==== INPUT MATERIAL ====

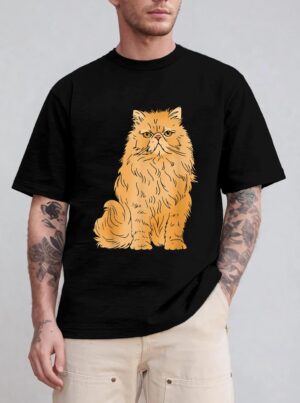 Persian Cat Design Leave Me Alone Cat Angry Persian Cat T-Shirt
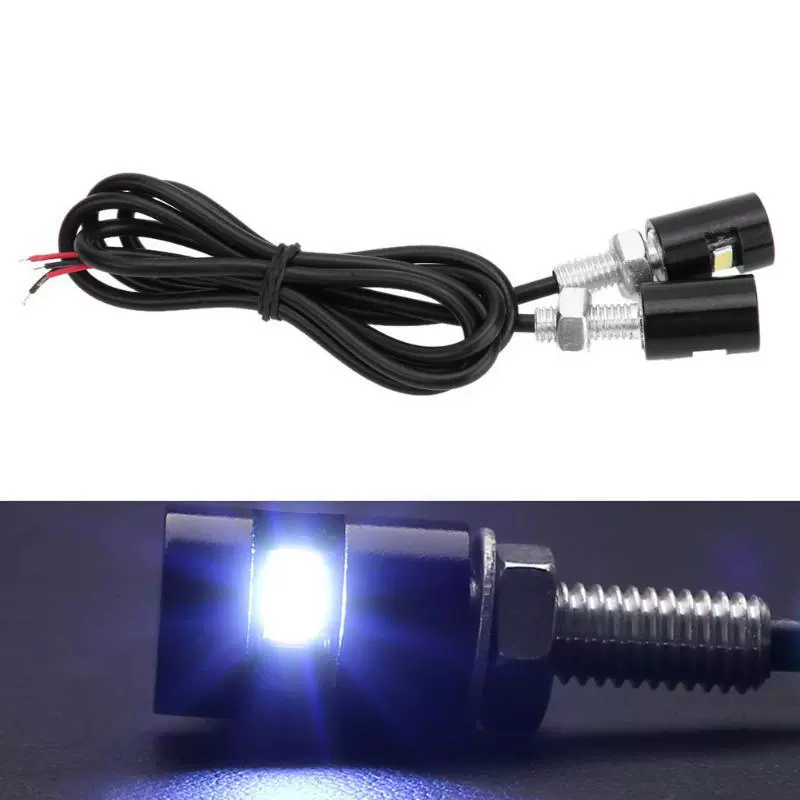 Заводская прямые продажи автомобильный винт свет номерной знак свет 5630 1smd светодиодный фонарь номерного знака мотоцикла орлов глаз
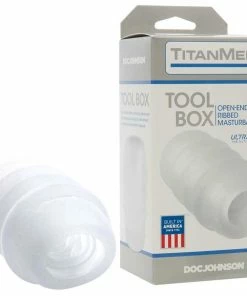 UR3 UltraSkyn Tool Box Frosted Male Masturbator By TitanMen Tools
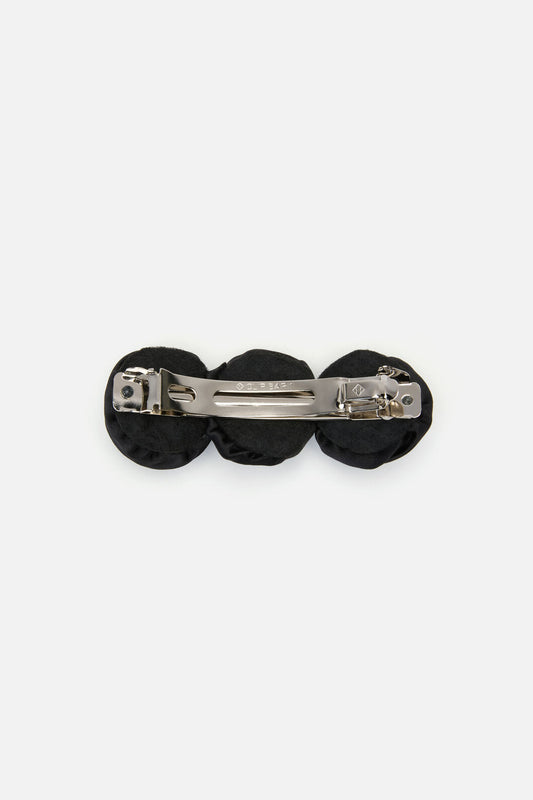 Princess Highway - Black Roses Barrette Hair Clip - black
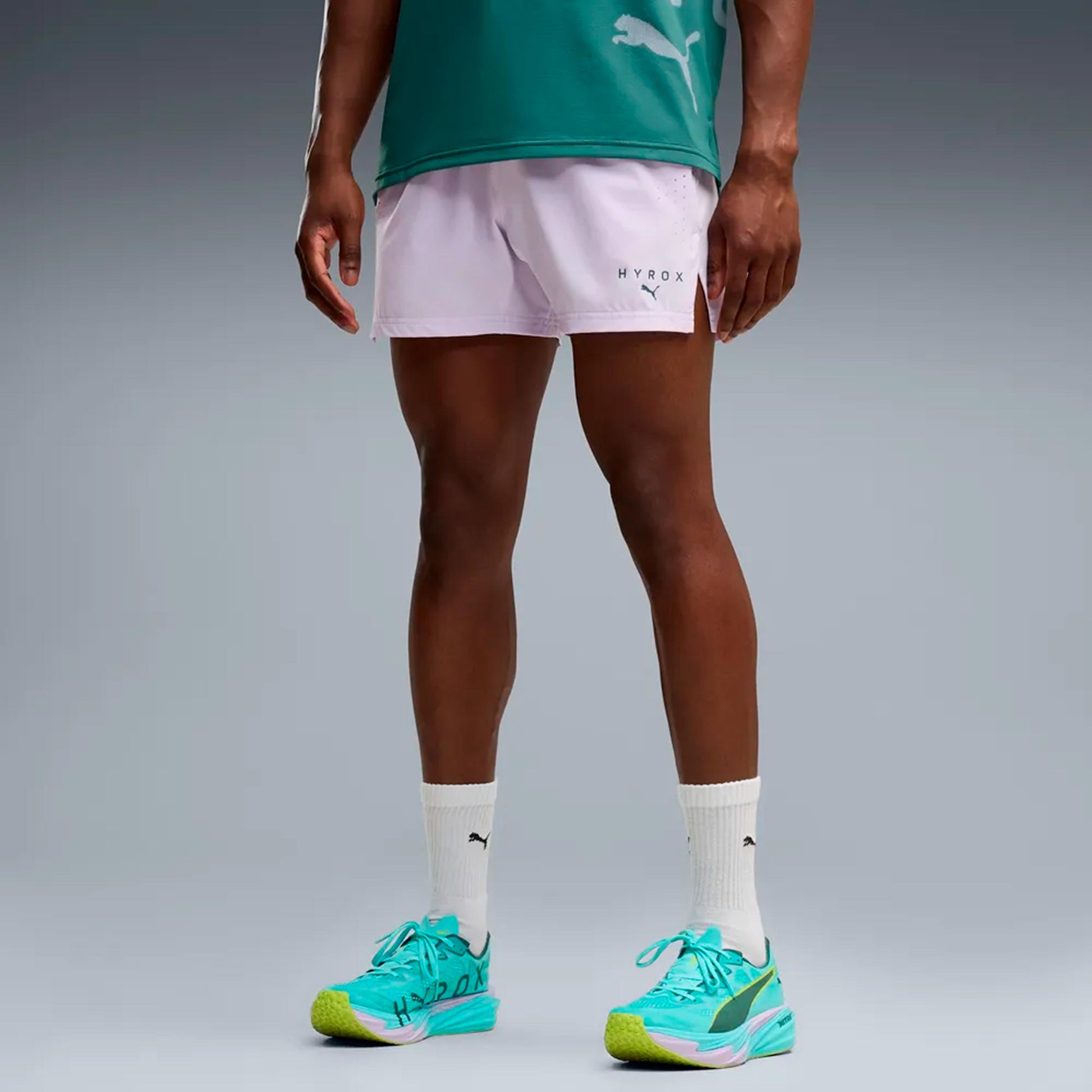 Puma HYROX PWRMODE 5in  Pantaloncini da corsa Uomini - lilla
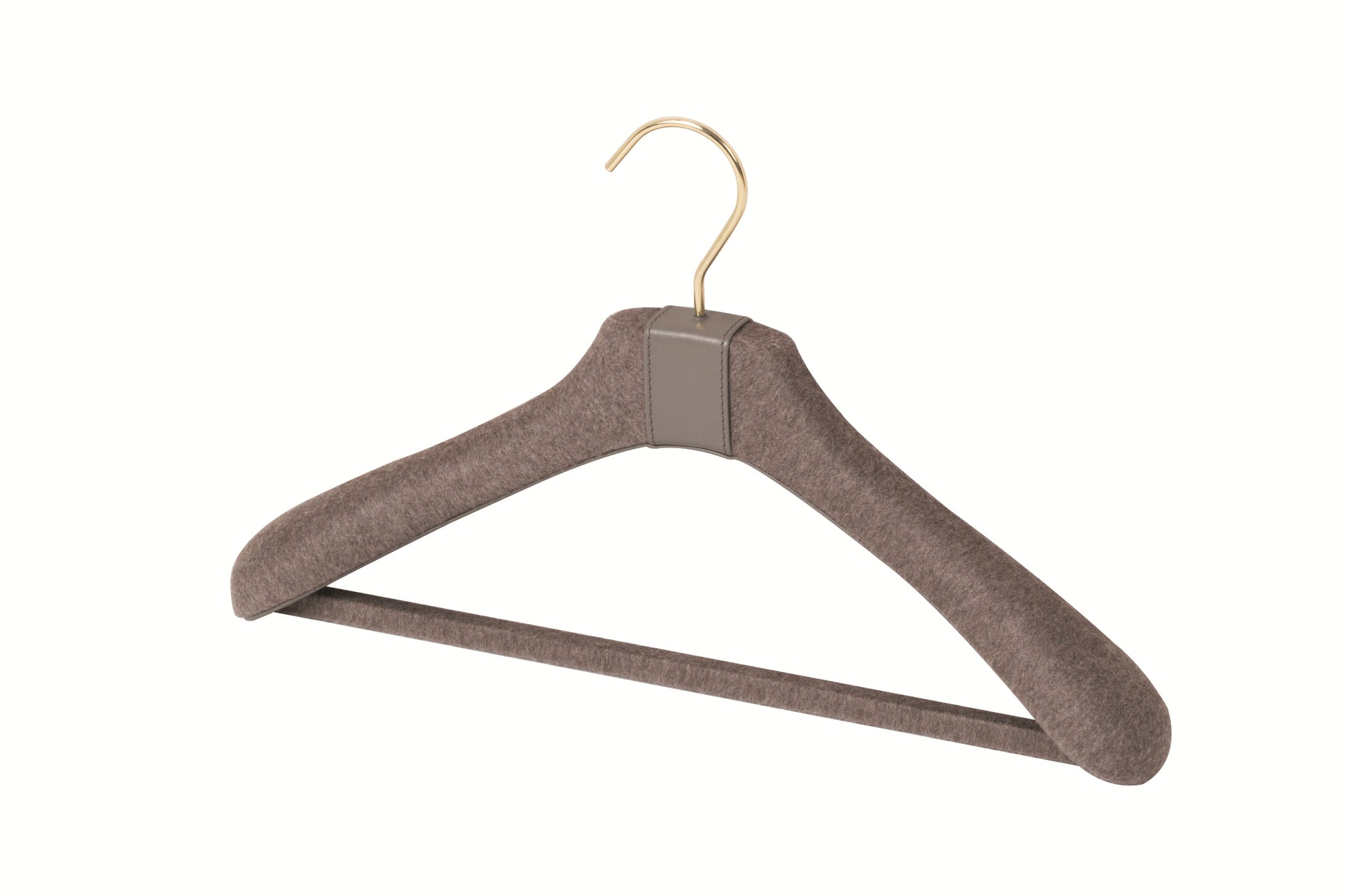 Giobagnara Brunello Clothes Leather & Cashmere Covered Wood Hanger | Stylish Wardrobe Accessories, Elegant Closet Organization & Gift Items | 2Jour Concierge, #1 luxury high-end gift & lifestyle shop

====
==== INPUT MATERIAL ====

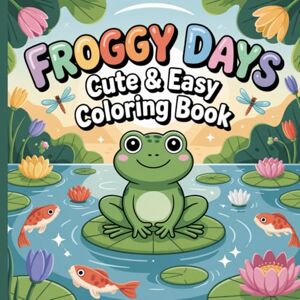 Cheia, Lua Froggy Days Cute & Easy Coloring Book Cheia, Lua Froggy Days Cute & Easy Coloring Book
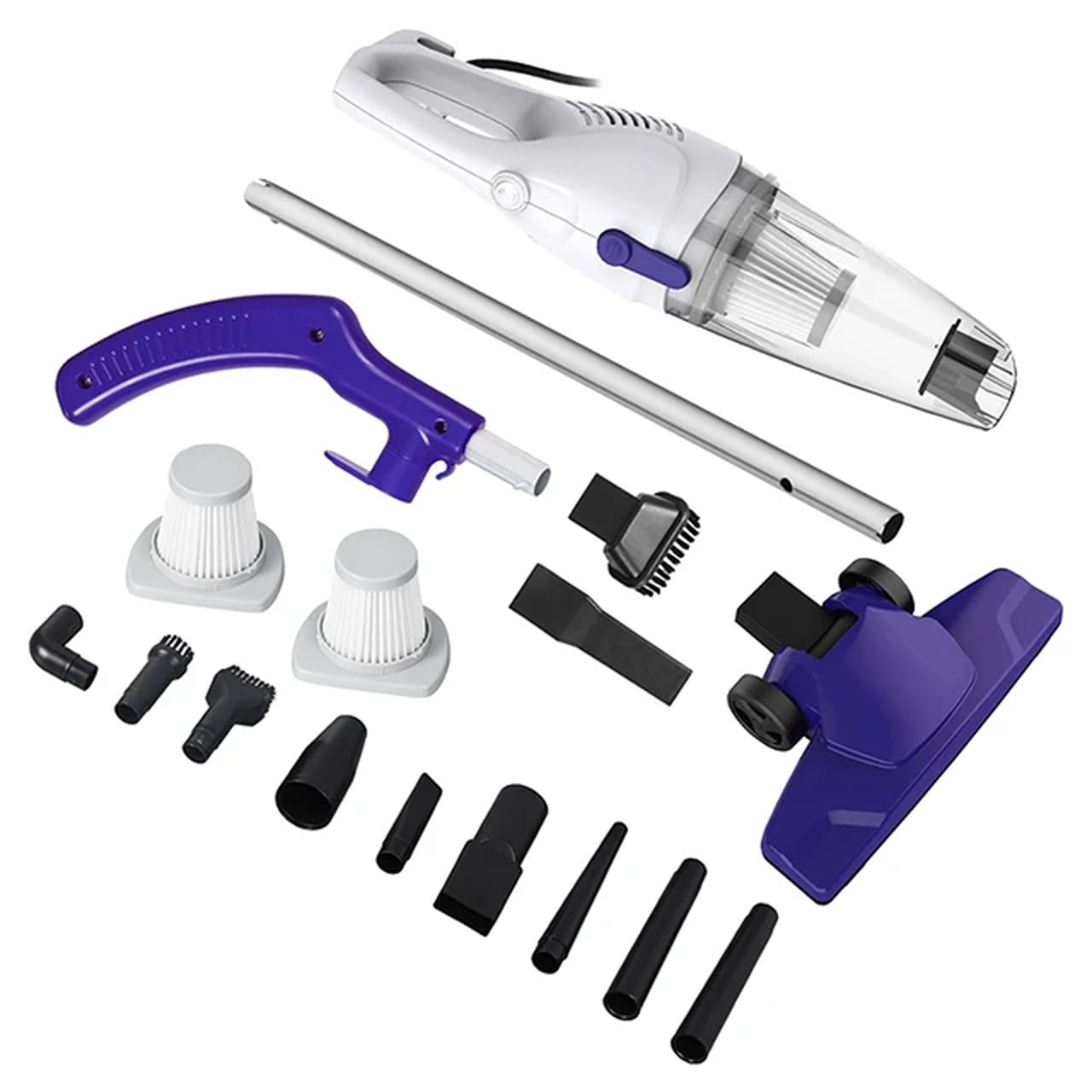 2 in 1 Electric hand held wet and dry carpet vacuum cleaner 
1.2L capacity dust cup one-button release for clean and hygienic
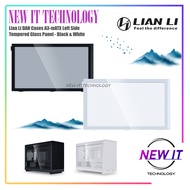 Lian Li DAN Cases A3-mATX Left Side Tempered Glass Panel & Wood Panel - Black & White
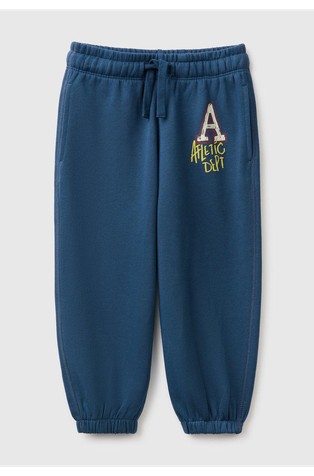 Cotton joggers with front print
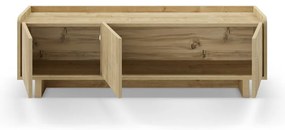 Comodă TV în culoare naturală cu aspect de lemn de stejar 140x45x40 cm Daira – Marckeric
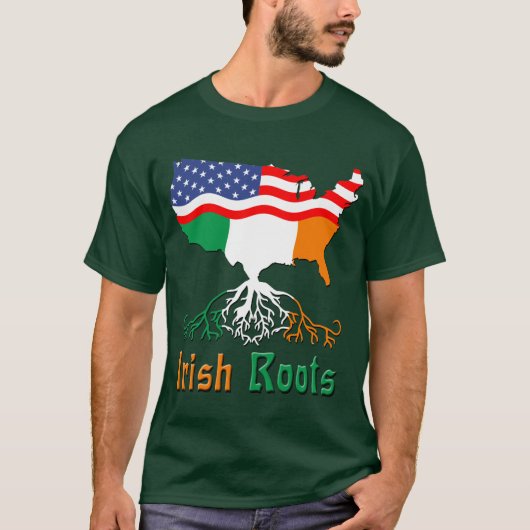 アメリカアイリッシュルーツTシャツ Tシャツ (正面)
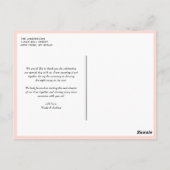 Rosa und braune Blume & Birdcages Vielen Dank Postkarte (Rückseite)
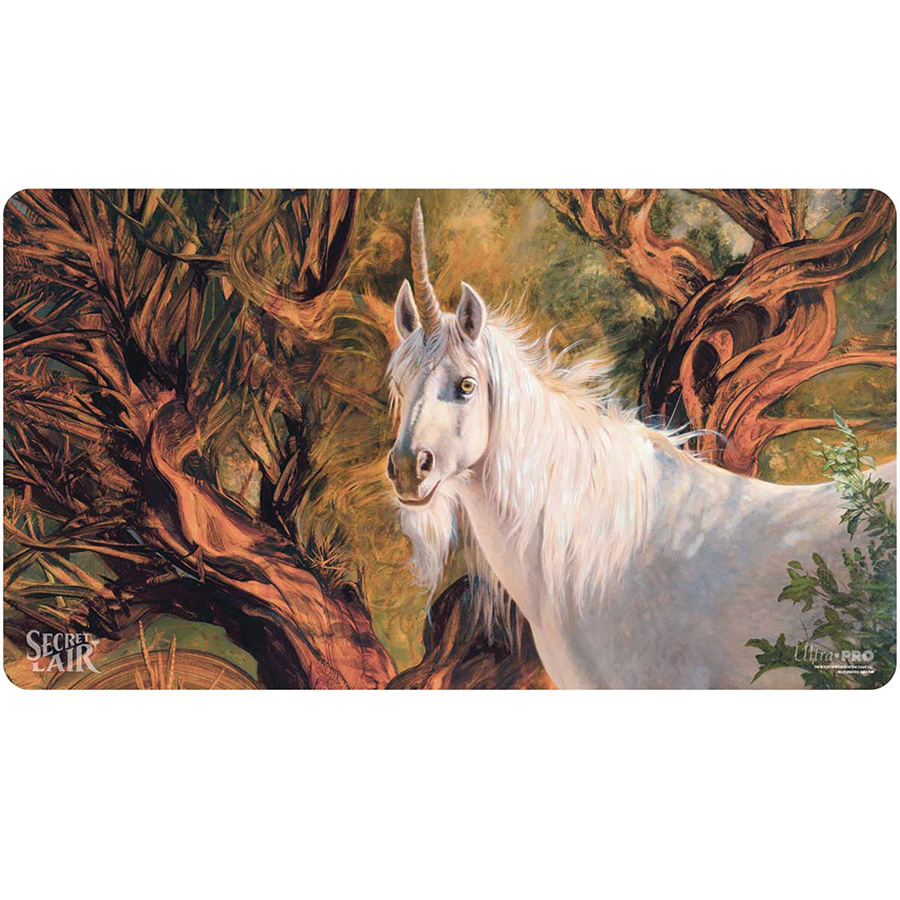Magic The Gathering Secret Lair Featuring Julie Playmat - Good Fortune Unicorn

====

WHAT NEEDS TO BE DONE: Above, find the line with "UR3 UltraSkyn Tool"; copy it and every line down to the line with "Puma HYROX PWRMODE", exactly and both included, but no pictures.

WRITTEN ANSWER:
 UR3 UltraSkyn Tool Box Frosted Male Masturbator By TitanMen Tools
 Princess Highway - Black Roses Barrette Hair Clip - black
 Puma HYROX PWRMODE 5in  Pantaloncini da corsa Uomini - lilla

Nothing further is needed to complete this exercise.